Na Roménia, o Natal não é uma festa de família, mas das famílias e é assim que é festejado pela comunidade que vive na zona de Lisboa. “Na noite de dia 24 reunimo-nos na igreja – há uma igreja ortodoxa romena em Cascais e duas em Lisboa – e, no fim, se por exemplo estiverem cinco famílias na igreja, vamos até casa de uma; antes de entrarmos cantamos Colinde, comemos e bebemos um pouco e passamos à casa da outra família, até as cinco terem sido visitadas”, explica Ana.
Entre uma visita e outra, comem-se os pratos típicos da quadra, na maioria à base de carne de porco, e que incluem o searmale (couve recheada com carne), chouriço fumado cozido e costeletas de porco fumadas, servidos com mamaliga, uma papa de farinha de milho bastante grossa, com uma consistência semelhante à polenta italiana, e bolo de nozes.
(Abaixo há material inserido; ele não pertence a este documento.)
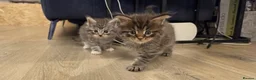 Maine Coon cats for sale: Maine Coon kittens  - Advert 22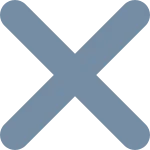 Times Xs SVG Icon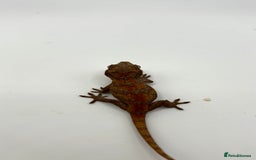 Gecko reptiles for sale: High red gargoyle geckos  - Image 3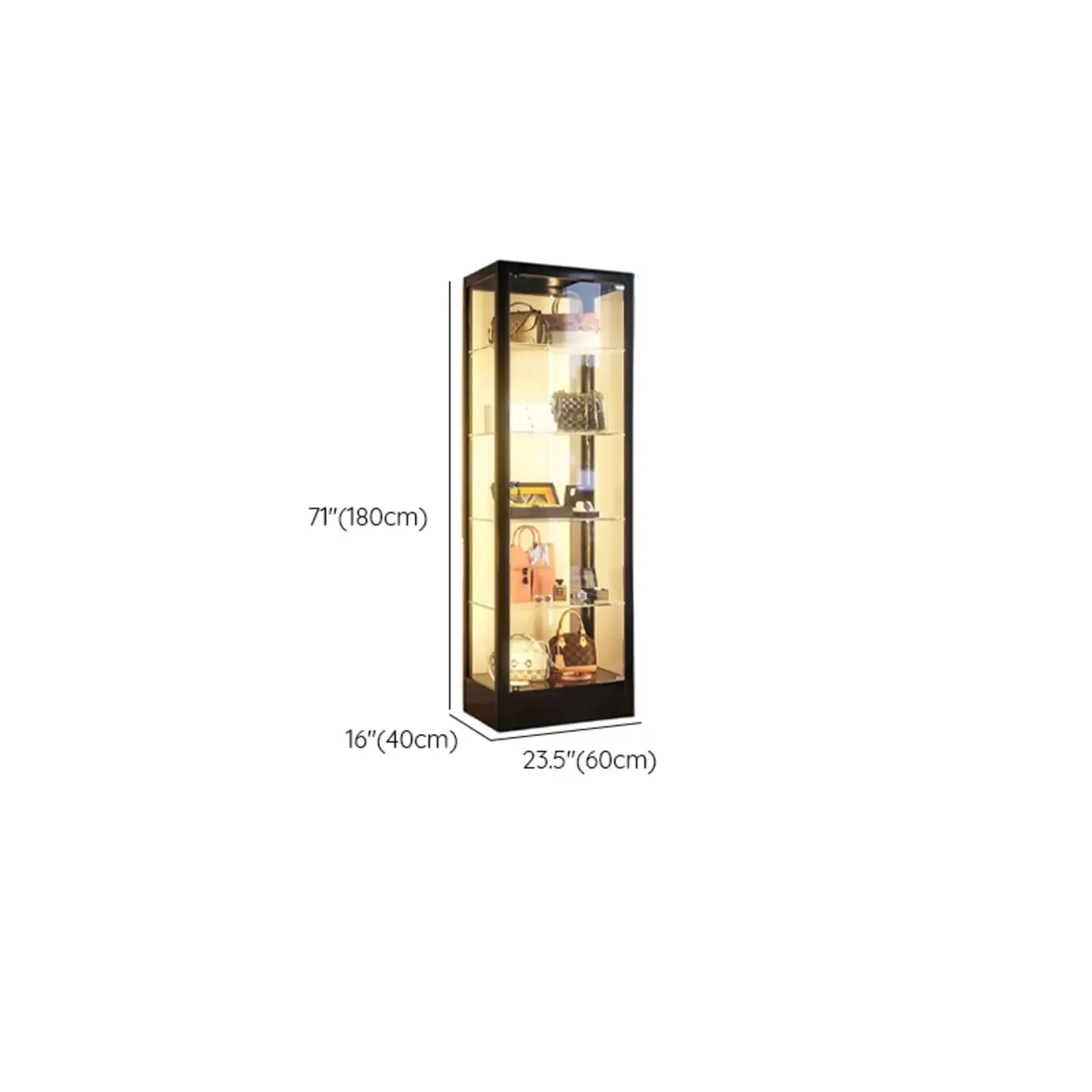 Enclosed Black 5-Shelf Metal Curio Cabinet with Light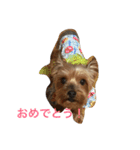 わんこスペシャル（個別スタンプ：1）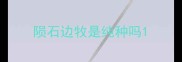 陨石边牧是纯种吗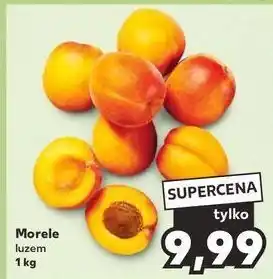 Kaufland Morele oferta
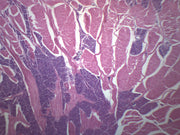 Foliate Papillae Prepared Microscope Slide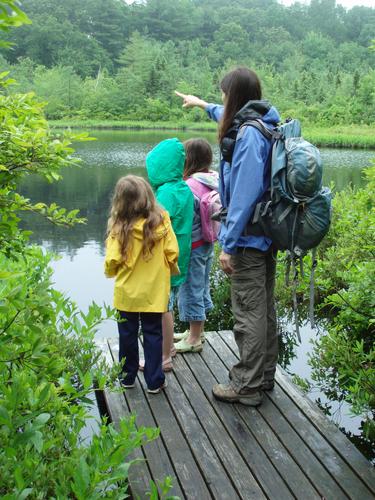 hikers on the bog walk at Ward Reservation in Massachusetts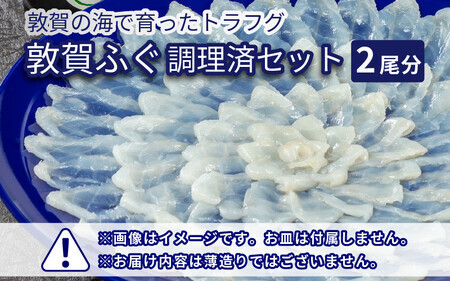 [先行予約]【11月発送】 敦賀ふぐ 調理済セット 2尾分（約1200g）てっちりやしゃぶしゃぶなどに【海鮮 冷凍 鍋 なべ 唐揚げ 薄造り ふぐ鍋】[041-b001-11] 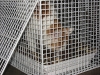 05-[2009-02-12] Katzenkorb1.tn.jpg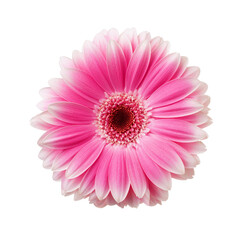 Vibrant Pink Flower with Delicate Petals
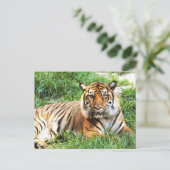 Carte postale Bengal Tiger (Debout devant)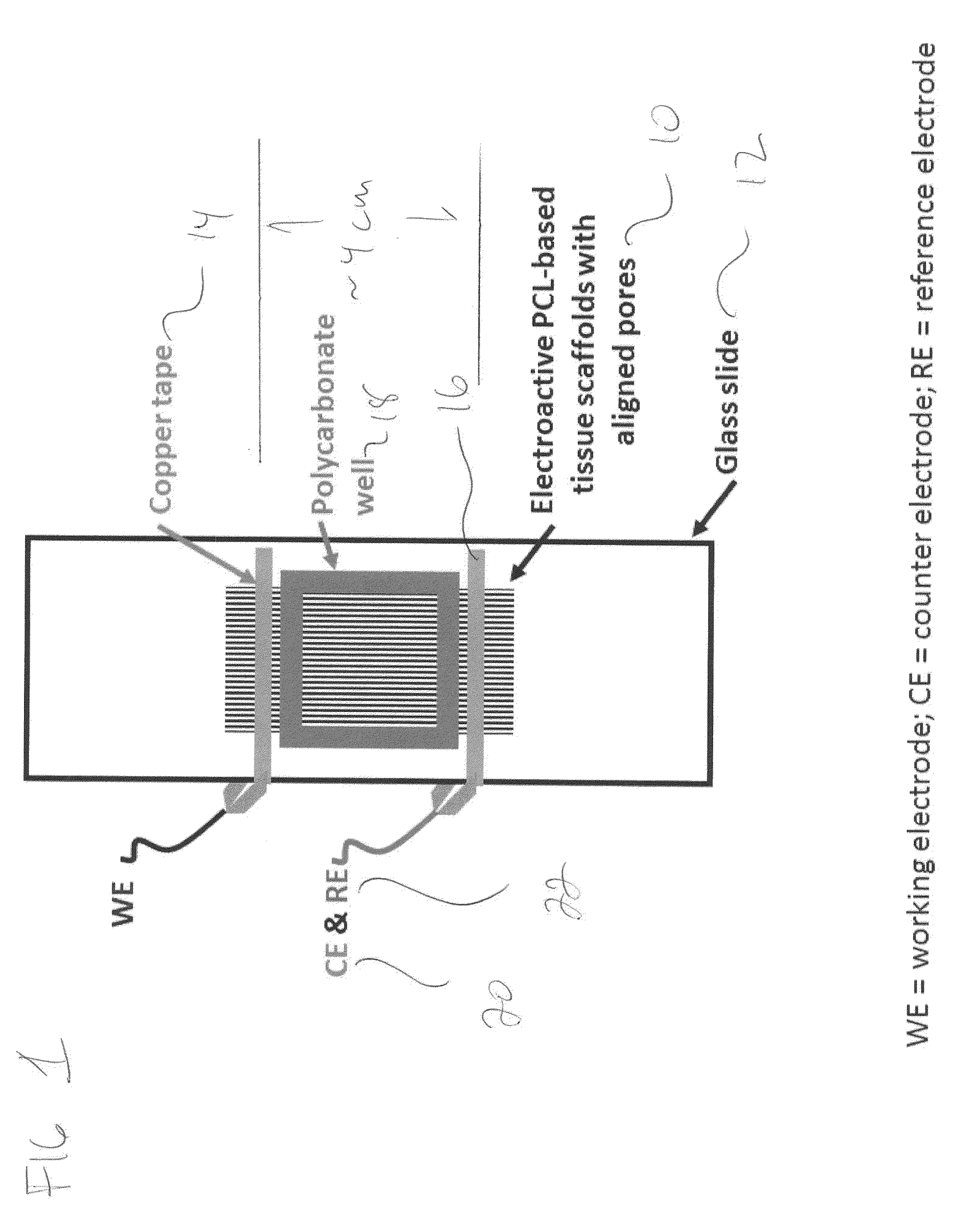Electroactive polymeric scaffolds and method for delivering nerve growth factor to nerve tissue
“Os jovens por vezes também vão de casa em casa, a cantar os Colinde. O meu filho costuma fazer isso com os amigos romenos”, diz Ana. Uma tradição que gera algumas situações caricatas, já que as canções devem ser entoadas no exterior, antes de entrar em casa da pessoa visitada.
“Eu vivo num prédio, e eles ficam na escada a cantar, mas acho que os vizinhos percebem do que se trata, porque nunca disseram nada”, conta.
Para Ana, por muito que tente manter vivas as tradições, nada bate um Natal na Transilvânia. “Falta-me a neve e o cheiro do pinheiro e da lareira quando chego a casa”, lamenta.
No primeiro ano, o choque foi grande. “Pensei: isto assim não é Natal! Eu gosto muito de Portugal, mas sou romena”, diz, garantindo que entre os imigrantes o apego às tradições do país de origem acaba por ser ainda maior.
Ao contrário do que acontece atualmente em Portugal, de acordo com Ana, na Roménia a maioria das pessoas vai à igreja na noite de Natal. “À saída, juntam-se todos e vão de casa em casa a cantar. Com tudo branco, numa noite de Inverno com os Colinde que se ouvem por toda a aldeia… Não há palavras! É lindo!”.